As I’ve been moving around the state for the last week or so, I’ve been meeting the convoys of cattle trucks going up to the mountains to move the herds down -- some of them moving clear to the southwest, but maybe not this year since it is so dry and on fire. Maybe more will simply go to mid-west feed yards, though corn is far more expensive that it was. I consider this a good thing, since reading has convinced me that corn is a bad food for cattle. Grass-fed cattle do not carry e-coli. And my dark suspicion is that the hormones and antibiotics fed to cows in feedlots so that they can stand in shit and eat corn but still get fat, may be a basic cause of the storm of diabetes across the country. It can’t be healthy.
I’m not seeing the usual flatbeds loaded with bees that ought to be moving. Maybe that’s because there aren’t so many now that the latest plague has hit them. I did see a strange semi-load of dumpsters, brand-new and brightly painted, headed down from Canada. The logo on each, including the semi, was 1-800-got junk? For miles I puzzled about what “junk” they meant. Copper scrap? Old furniture? Collectibles? All big business and should be. Re-cycling of everything!
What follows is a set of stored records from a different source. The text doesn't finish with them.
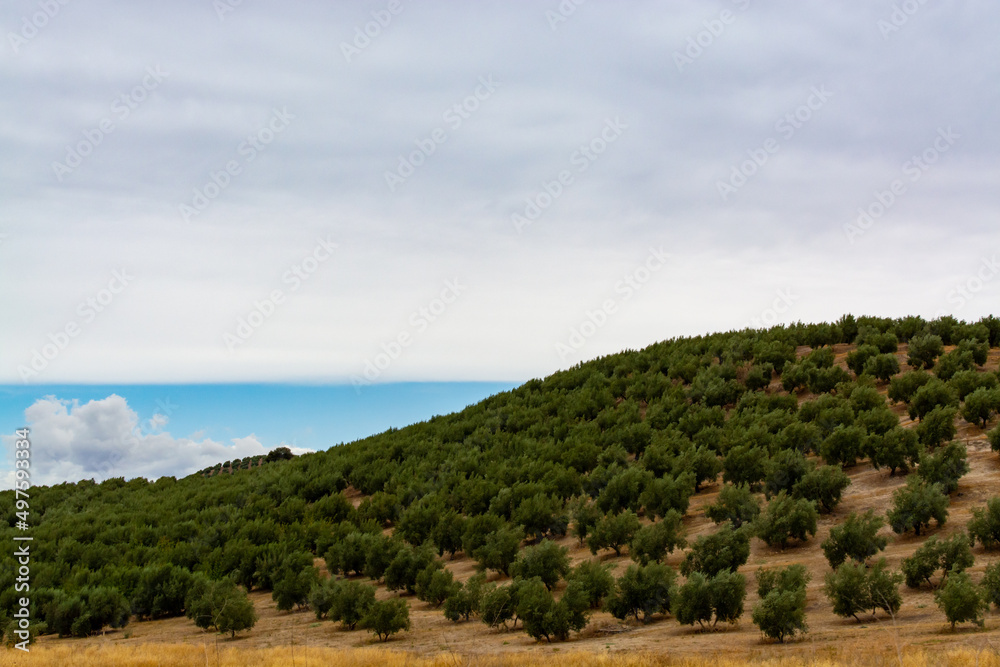 Andalusian landscape with yellow hills and green olive trees plantations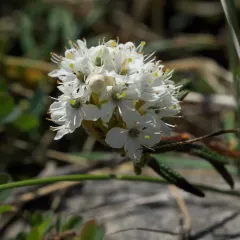 marsh Labrador tea thumbnail 4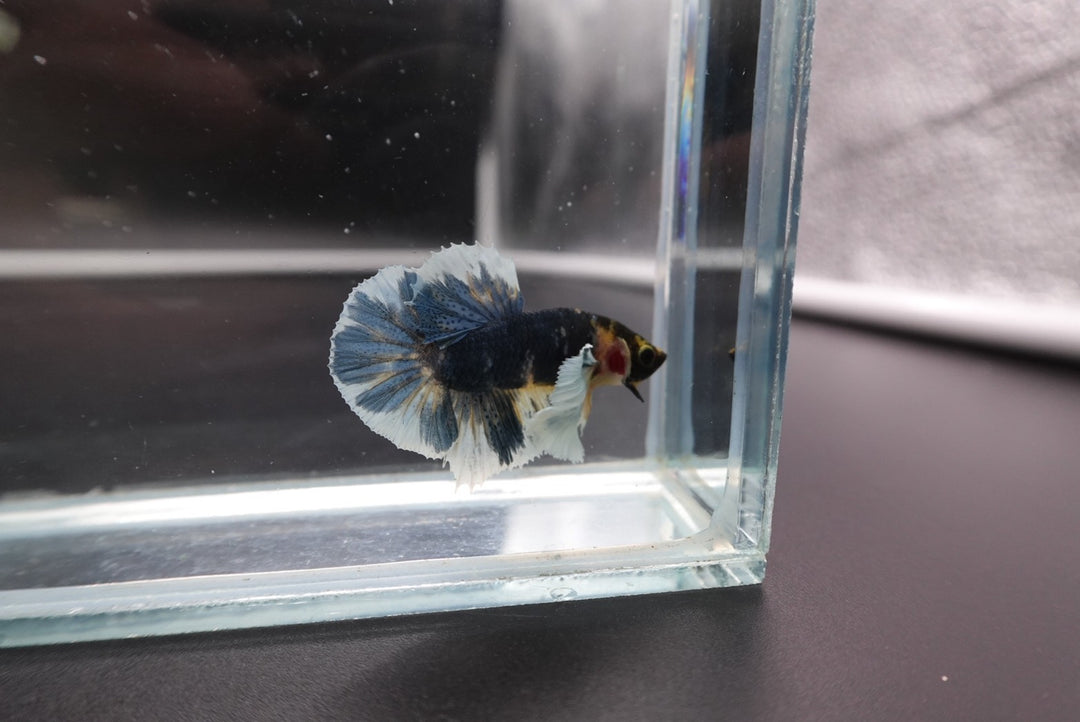 Rare Dumbo Multicolor Betta Fish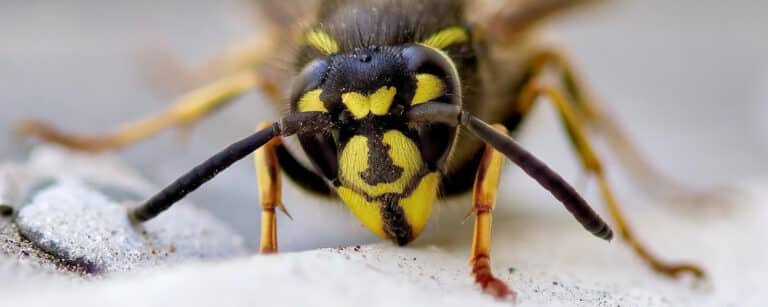 Wasp, Hornet & Bee Extermination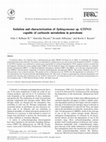 Research paper thumbnail of Isolation and characterization of Sphingomonas sp. GTIN11 capable of carbazole metabolism in petroleum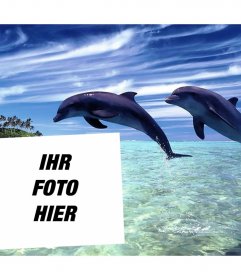 Postal Urlaub mit Ihrem Bild zu bearbeiten und mit zwei Delphine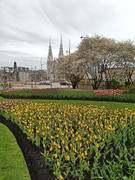 IMG_20210504_142900_434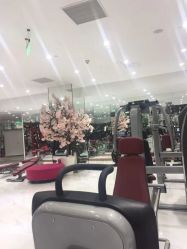 -葆姿普拉提·瑜伽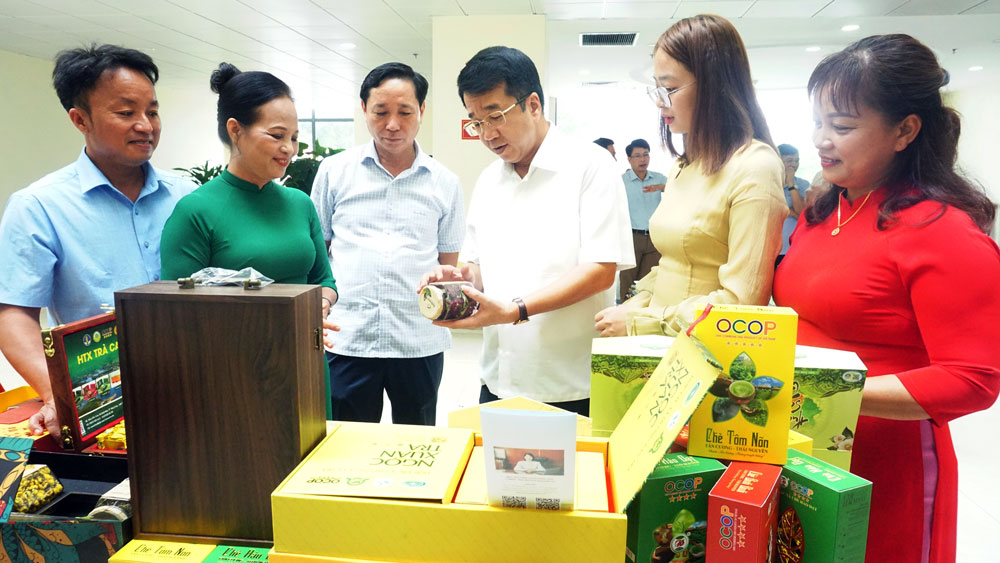 省人委会副省长阮清平和代表们参观陈列农产品的展位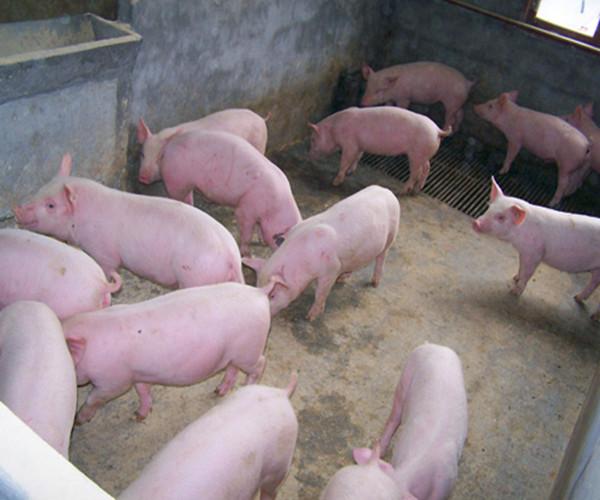 今日猪市行情深度解析与预测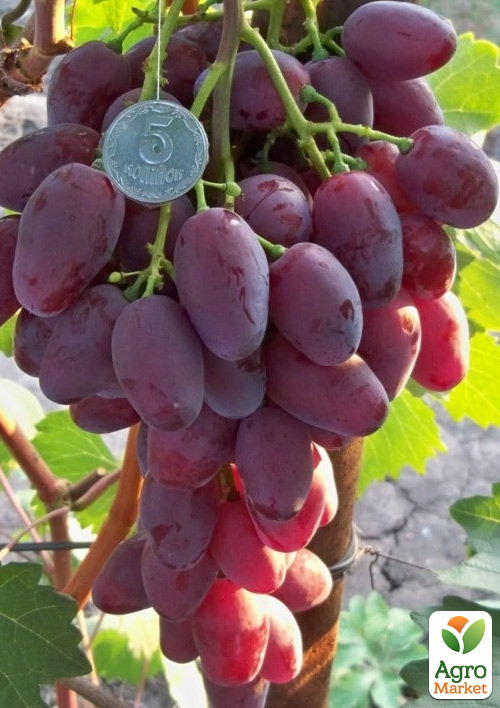 

Виноград Румейка (сверхранний, очень крупная гроздь)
An economic bulge composting our discards.
I’m hardly seeing the military vehicles which normally used to convoy out of Great Falls’ Malmstrom Air Force Base to do maintenance on the nuclear missile siloes. I suspect that part of the reason for closing them down was simply that the hummers and small pickups they used by the hundreds were needed in Iraq, the same as the men, and the toll on them all is high. Also, I see fewer of the giant $500,000 RV’s towing $40,000 cars are on the road, though it’s still a little early for them. Canadians are diehards and won’t migrate until the snow flies. But they say that the Mexican border communities where they used to go are getting too tough and lawless to be safe now, esp. by Canadian standards.
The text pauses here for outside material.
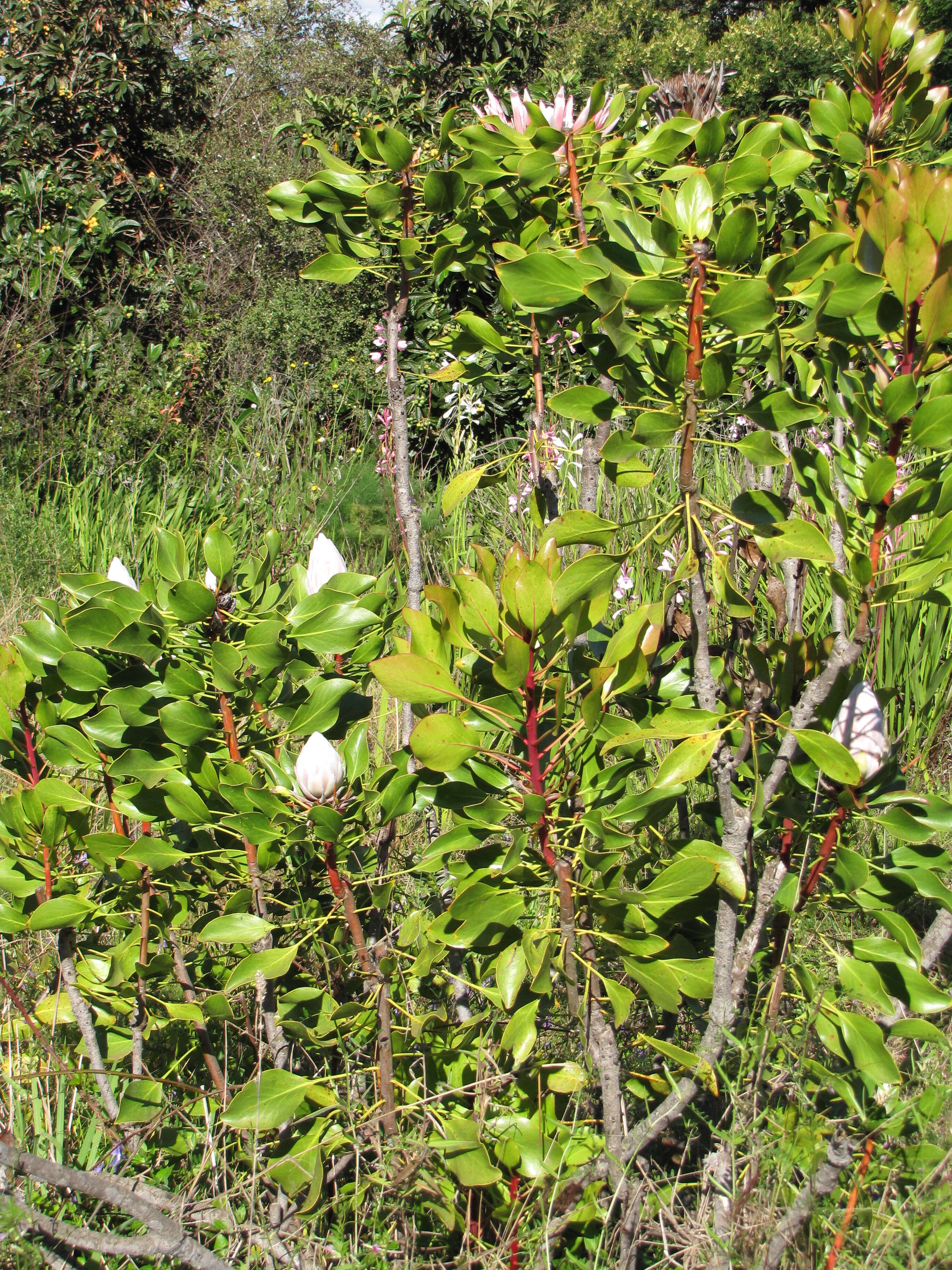 Imagem de Protea cynaroides (L.) L.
Our weather stats today are a high of 77 and a low dropping quickly to freezing. (Compare to the records of 79 in 1915 and record low of 10 in 1957. The “normal” readings on this date are 55 and 31.) The hose must come in, but I’ll spend most of the day using up as much of the latex paint leftovers as I can because it’s ruined by freezing and this house is too small to bring a stack of paint cans inside, though I’ve done it. There are always things that need to be painted. I missed some spots on the stepladder I painted green, so I’ll catch those and then paint grass leaves on the side of my raised planter. A bit more raking to do. Flower beds to clean out, though I never do that very well. When I have money (!) I’ll make a proper plan and dig everything up to sieve, sort and replant. For now I’ll go on a while longer with the crowd of volunteers, mostly cranesbill and bluebells, but enough wild rose to make weeding painful and a lot of iris that never blooms.
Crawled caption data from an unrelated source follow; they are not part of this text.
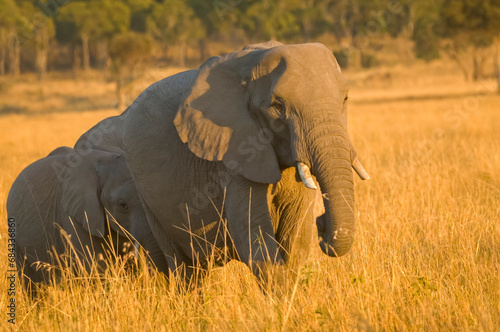 Elephants at the golden hour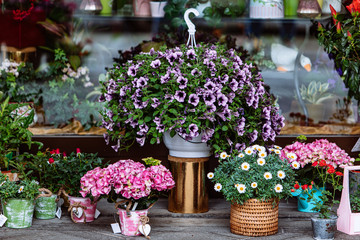 Fototapeta na wymiar flowers in pots outdoors near shop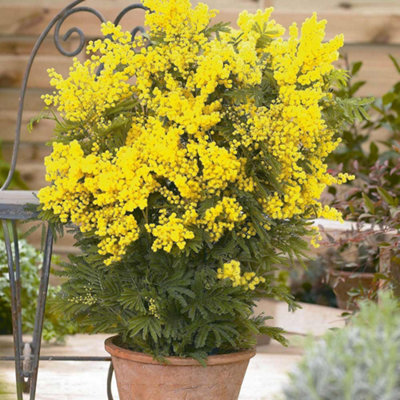 Acacia (Mimosa) Dealbata 9cm Potted Plant x 1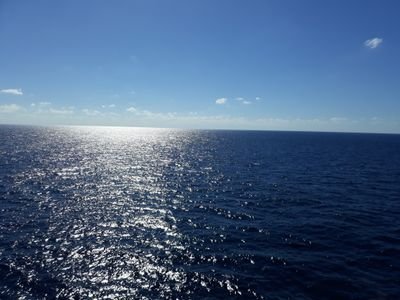 FluffMysterious's profile picture. (he,him)•Bi• MINORS DNI🔞anime lover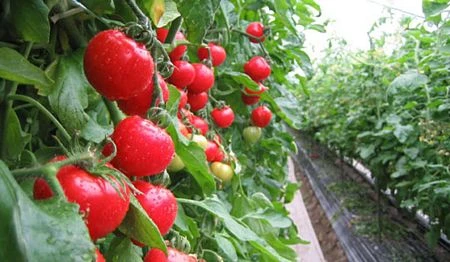 “Mốt” cho thực phẩm và đồ uống nghe nhạc Mozart ở Nhật ảnh 3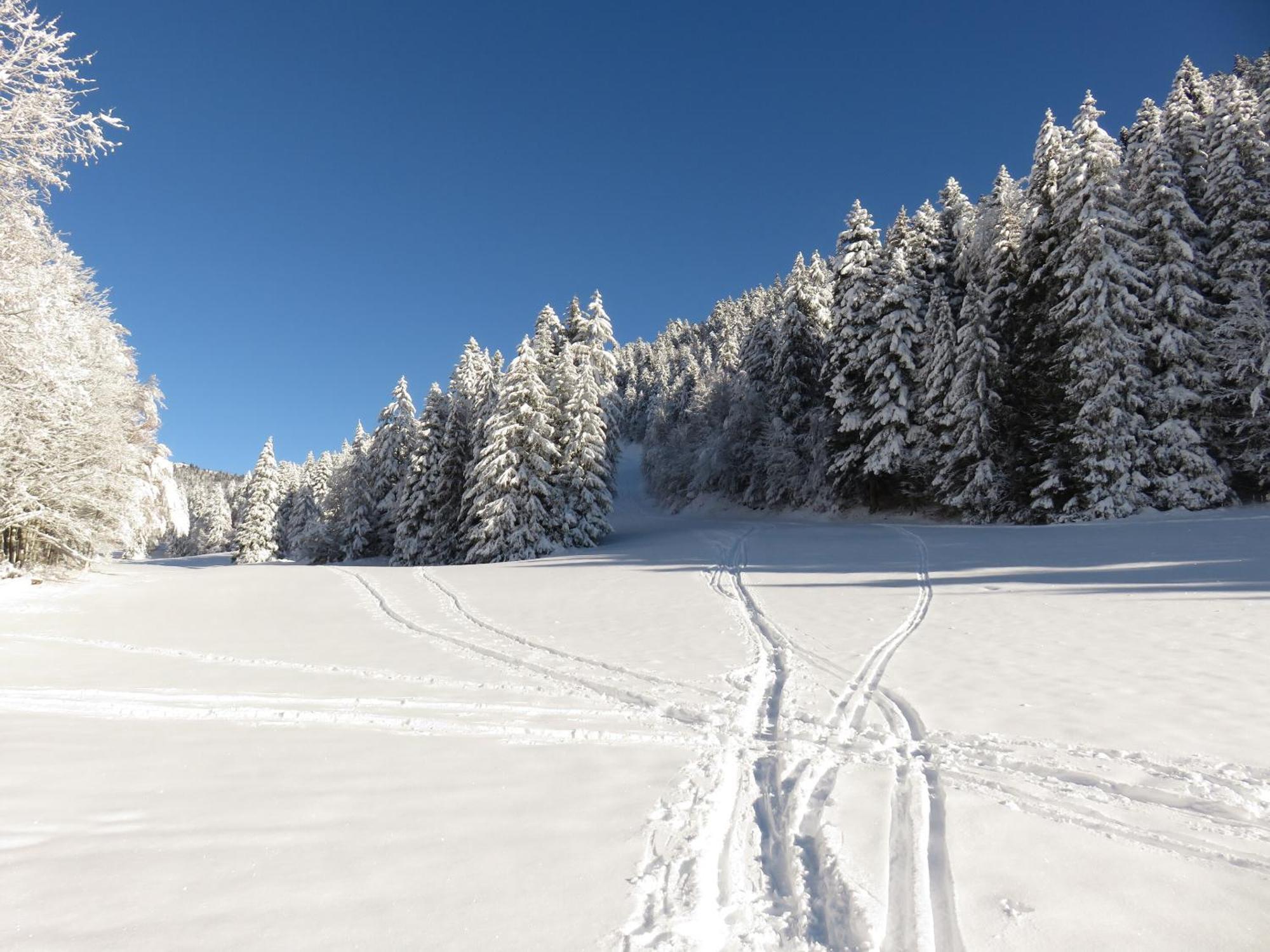 Gite La Resilience, Sur La Piste De Ski D'Autrans Exteriér fotografie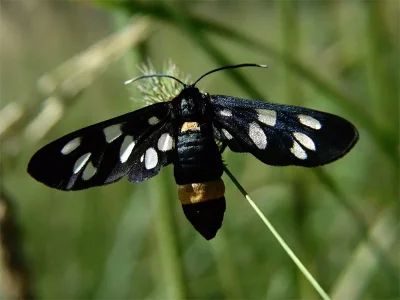 Amata (Syntomis) phegea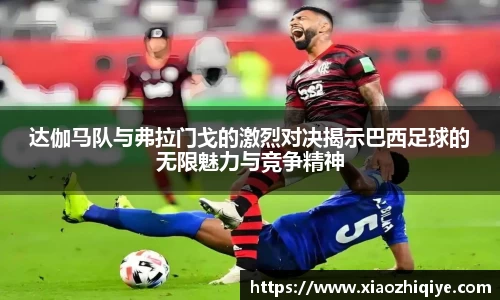 3377体育官网下载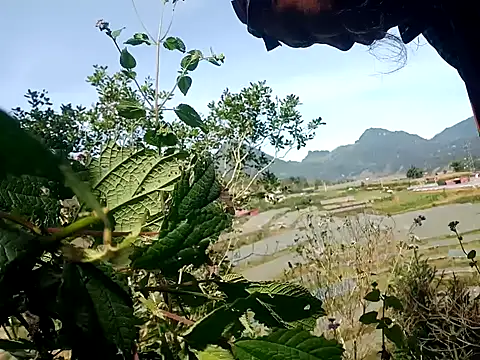 Snapshot of nui-show chatting on November 2025 03:50:01 AM nui-show online show from November 2025 03:50:01 AM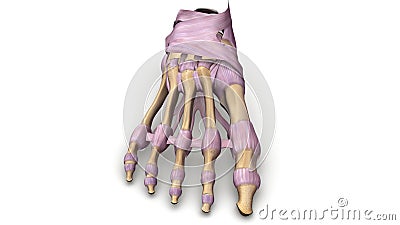 Foot bones with Ligaments anterior view Stock Photo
Mike has (alas) removed his greenhouse addition to the back shed, though he claims he’ll reattach it to the back of the house as a woodshed over the winter. He’s trying to convert that shed to some kind of shelter for his down-south fancy vehicle. At this point I would advise him to trade it in for a pickup! It’s not quite time for me to throw some old tires into the back of the pickiup for traction in snow, but I’ve moved them closer to the door of my back garage which I’d love to convert to a greenhouse. I get this great catalog about an outfit called “Farmtek” that sells stuff that’s like corrugated cardboard, except that it’s plastic and bendable. It’s meant for livestock sheds and greenhouses, much easier to handle than glass. While I type this, my eye keeps being pulled to the lone fly which is living between the inside and storm layers of my alongside window, a kind of terrarium the fly constantly buzzes up and down, back and forth.
One of my most seminal books is Tim Flannery’s “The Eternal Frontier,” in which he points out that weather and other planetary forces are like a great scythe that moves through the centuries and millenia in a long pendulum from one extreme to the other. Global warming in one direction, glaciers in the other. We spread ourselves out, taking risks and pioneering, and then comes the scythe which cuts down all those at the unprepared extreme of that movement. This is what powers evolution, a clear force on the glaciated high plains where this little village clings. One fails to adapt at one’s peril.